» **Exercise directions**:
Working through the data below, reproduce word for word the line with "Patriotisme et socialisme" and every line after it, both ends included, and omit the pictures.
*** Opening of Stored data ***
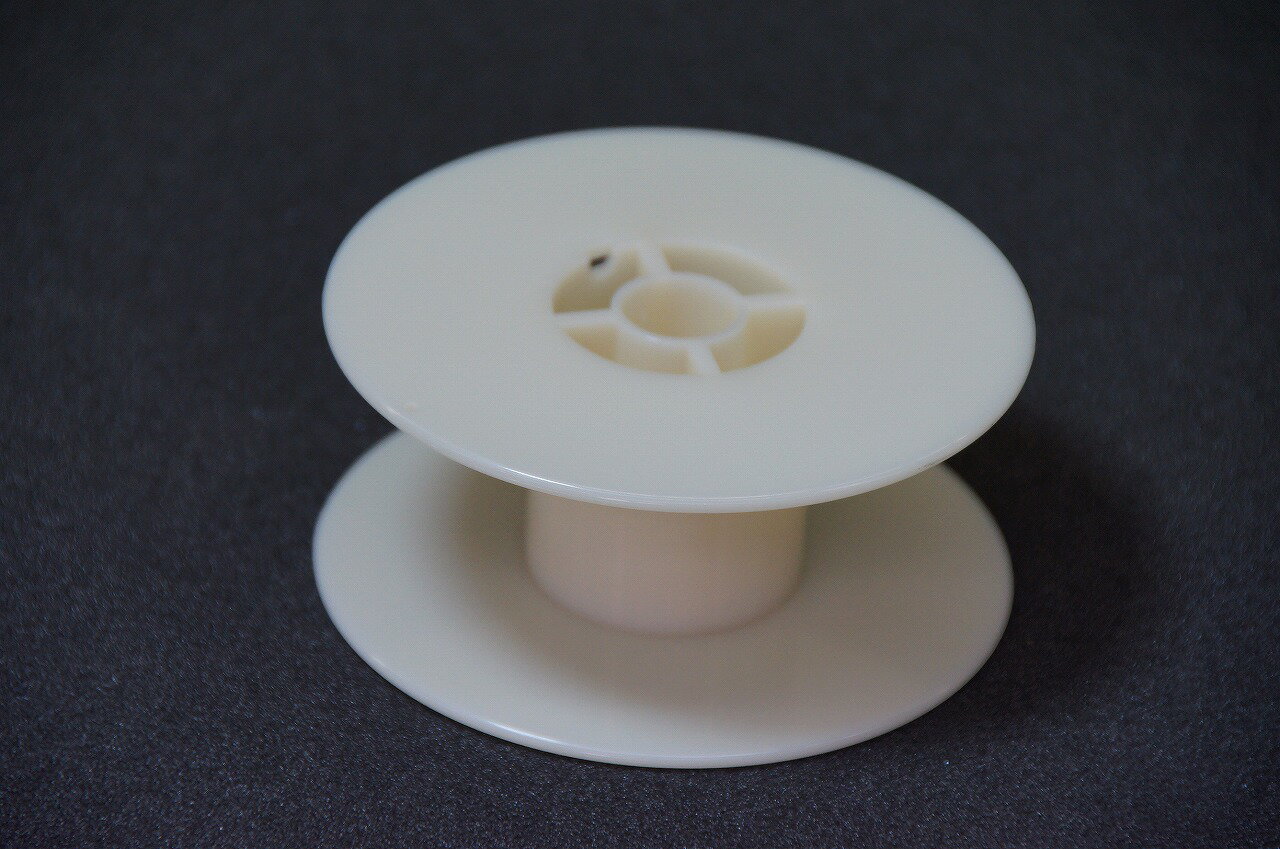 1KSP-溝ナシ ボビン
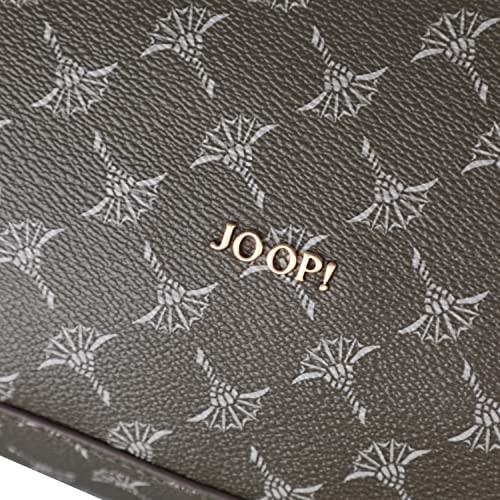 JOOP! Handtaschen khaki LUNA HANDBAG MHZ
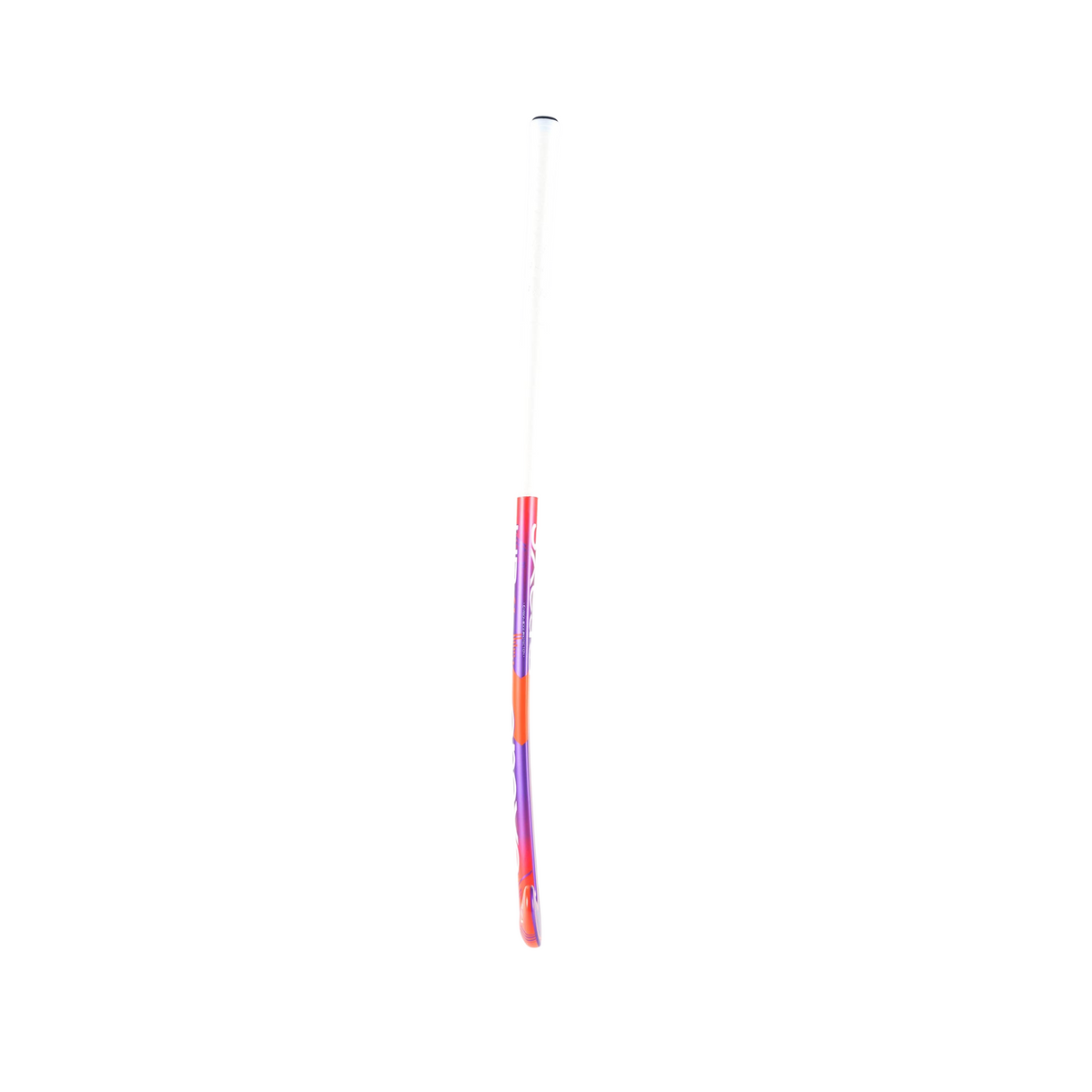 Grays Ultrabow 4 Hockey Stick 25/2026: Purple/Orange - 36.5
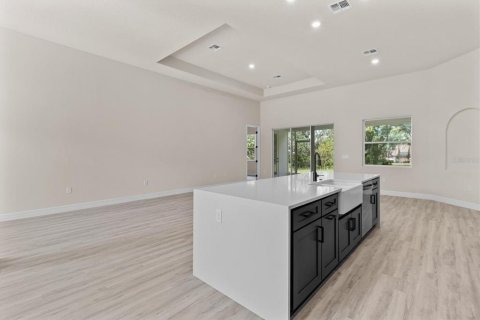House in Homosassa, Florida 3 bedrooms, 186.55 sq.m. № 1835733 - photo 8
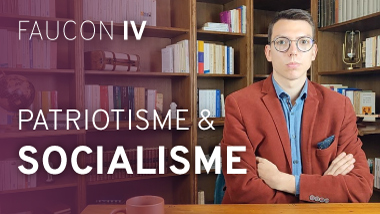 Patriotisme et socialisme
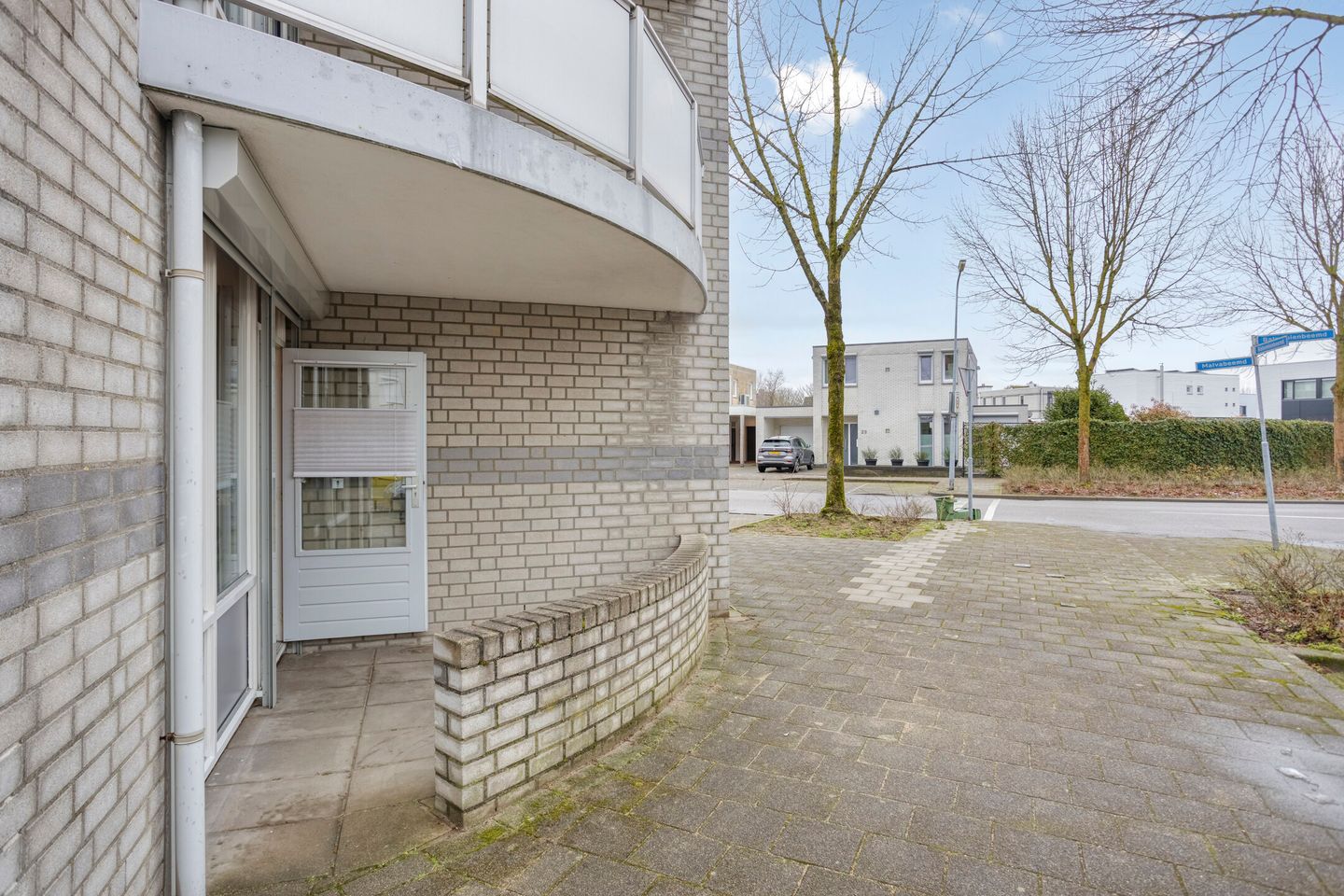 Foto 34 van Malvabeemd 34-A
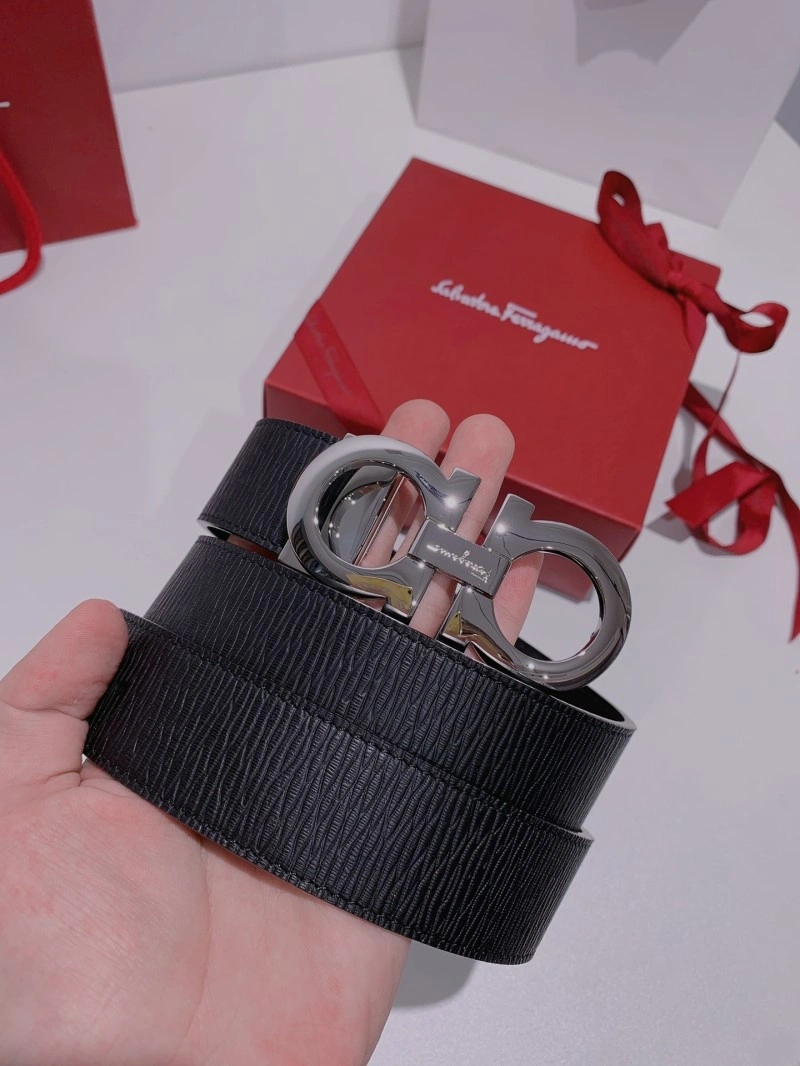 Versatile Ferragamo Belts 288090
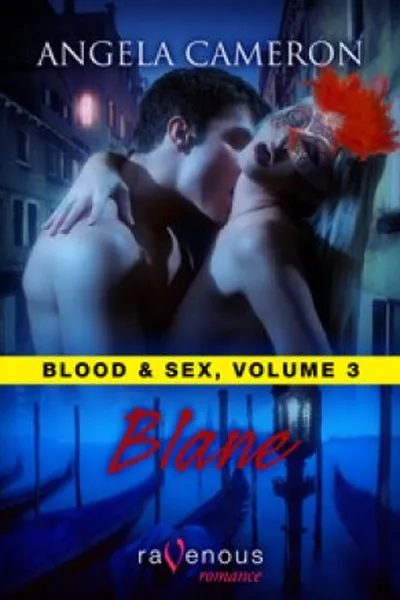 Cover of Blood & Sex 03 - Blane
*** Close of Stored data ***
» **Response to the task**:
 Patriotisme et socialisme
 Foto 34 van Malvabeemd 34-A
 Versatile Ferragamo Belts 288090
 Cover of Blood & Sex 03 - Blane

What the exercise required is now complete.